Un fatto accaduto in un tempo della storia e in uno spazio geografico ben definito, e testimoniato dalla Chiesa durante venti secoli: l’Incarnazione di Gesù Cristo, può essere fonte di verità e di conoscenza per un uomo colto del nostro tempo? La risposta che offre Prades mostra come la comprensione del mistero è resa possibile dall’irrompere di un fatto. La testimonianza allarga la ragione, provoca, attrae e può anche generare rifiuto in chi abbia un posizione già prestabilita. La testimonianza fa crescere la Chiesa, dato che obbliga soprattutto a pensare a Dio.
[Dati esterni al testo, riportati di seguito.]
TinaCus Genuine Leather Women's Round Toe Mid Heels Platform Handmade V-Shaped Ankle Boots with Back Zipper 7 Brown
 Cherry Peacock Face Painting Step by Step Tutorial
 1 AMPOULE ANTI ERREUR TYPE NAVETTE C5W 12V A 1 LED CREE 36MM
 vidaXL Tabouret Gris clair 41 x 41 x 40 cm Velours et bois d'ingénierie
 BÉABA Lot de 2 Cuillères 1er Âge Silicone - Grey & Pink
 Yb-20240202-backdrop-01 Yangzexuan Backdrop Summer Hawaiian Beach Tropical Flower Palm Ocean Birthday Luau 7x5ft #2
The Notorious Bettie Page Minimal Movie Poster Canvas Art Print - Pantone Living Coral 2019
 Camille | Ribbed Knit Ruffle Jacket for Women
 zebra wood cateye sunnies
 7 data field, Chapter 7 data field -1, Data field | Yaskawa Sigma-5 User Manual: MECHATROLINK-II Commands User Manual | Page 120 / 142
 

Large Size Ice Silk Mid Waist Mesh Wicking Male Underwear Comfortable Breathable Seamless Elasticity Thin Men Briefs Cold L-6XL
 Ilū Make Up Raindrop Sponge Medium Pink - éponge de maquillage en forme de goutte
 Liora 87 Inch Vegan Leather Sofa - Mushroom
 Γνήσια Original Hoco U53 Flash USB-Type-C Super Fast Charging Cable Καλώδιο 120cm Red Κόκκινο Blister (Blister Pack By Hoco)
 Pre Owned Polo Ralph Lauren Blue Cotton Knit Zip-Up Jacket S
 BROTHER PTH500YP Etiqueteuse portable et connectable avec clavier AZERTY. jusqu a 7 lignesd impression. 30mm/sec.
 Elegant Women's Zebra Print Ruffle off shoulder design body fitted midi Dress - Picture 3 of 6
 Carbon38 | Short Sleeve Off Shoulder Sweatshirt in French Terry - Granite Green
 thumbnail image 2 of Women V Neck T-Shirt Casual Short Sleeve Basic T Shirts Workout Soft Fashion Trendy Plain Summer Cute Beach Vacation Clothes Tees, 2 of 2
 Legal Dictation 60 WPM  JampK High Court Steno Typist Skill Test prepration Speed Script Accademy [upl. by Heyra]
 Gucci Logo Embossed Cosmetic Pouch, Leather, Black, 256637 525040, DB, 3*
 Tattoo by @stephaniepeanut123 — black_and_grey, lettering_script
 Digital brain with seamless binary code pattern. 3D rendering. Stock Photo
Quest’opera non si limita al dialogo con “quelli che stanno fuori”, ma si presenta piuttosto come una gran provocazione per affrontare la sfida che la Chiesa vive oggi: trasmettere la fede alle nuove generazioni. Come diceva Sant’Ambrogio, “Non piacque a Dio di operare la salvezza del suo popolo mediante la dialettica”.
La testimonianza ha un valore centrale per la fede e suscita anche domande per il credente. Come ha lasciato scritto Benedetto XVI, “perché, Signore, ti sei mostrato solo a un piccolo gruppo di discepoli della cui testimonianza noi dobbiamo ora fidarci?” Nella trasmissione della fede le domande dell’uomo religioso non possono essere retoriche, ma reali e vive per comprendere meglio la missione educativa che ha la Chiesa.
Nell’epoca di Twitter e dei messaggi brevi, il religioso madrileno ci offre un libro denso di 462 pagine in cui le parole sono misurate con molta precisione. Vi si insegna, non senza un gran impegno, a pensare con rigore e attenzione per non perdere la sua ricchezza.
Quest’opera è come le fondamenta di una casa che si progettano perché essa duri mille anni, richiede molto studio; ma non quello che ci porta a un pensiero disincarnato e astratto, ma piuttosto, al contrario, quello che asseconda il desiderio di poter comprendere il presente.